Personal Loan vs Line of Credit: Key Differences
The limits on unsecured lines of credit are higher than on personal loans. While some banks offer limits up to $100,000, you may find some lines of credit as high as $500,000. The maximum amount available for a personal loan is usually between $50,000 and $100,000.
Personal loan interest rates are usually fixed and range from 3% to 36%. Rates are set based on your credit eligibility, which means if you have good credit and steady work, you can get a better rate. However, if your score is damaged, expect to get an average at the higher end of the range.
Conversely, a line of credit usually has a variable interest rate, which fluctuates based on the base rate. If the base rate of interest increases, the rate of interest on the credit line will also increase. Borrowers can expect rates of at least 10%.
Lenders may charge an origination fee when obtaining a personal loan, typically between 1% and 8%. Try to find a lender with the lowest set-up fees, or no lender if possible.
On the other hand, an unsecured line of credit may include an annual fee during the withdrawal period. These fees are usually $100 or more. Some lenders will waive fees for the first year.
Both financing methods usually charge a late payment fee.
Minimum Credit Score Requirements
Lenders often have higher credit score requirements for lines of credit than personal loans. For example, borrowers must aim for a credit score of at least 670 when applying for a line of credit. However, there are personal loans available that only require a score of at least 580. Keep in mind: a higher credit score can give you more favorable terms.
Most personal loans have terms between two and seven years, and repayment begins once the lender disburses the money.
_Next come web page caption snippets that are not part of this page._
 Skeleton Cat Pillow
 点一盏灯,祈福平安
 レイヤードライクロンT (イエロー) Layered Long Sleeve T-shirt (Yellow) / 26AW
On the other hand, a line of credit has two separate periods: the withdrawal period and the repayment period. During the withdrawal period, which is usually five to 10 years, borrowers can reach the credit limit up to the maximum, and they are required to make minimum payments.
When the withdrawal period ends, the payment period begins. During this time, which varies depending on the lender, borrowers will not be able to withdraw funds from the credit line and must repay the outstanding loan principal and accrued interest on a fixed date specified in the loan agreement.
When you start taking out a personal loan, the repayment starts immediately and continues until the loan is paid off in full. However, with a line of credit, you will make the minimum payments during the withdrawal period and pay off the remaining balance (including interest) during the payment period. If you do not withdraw any money, you will not have any payments.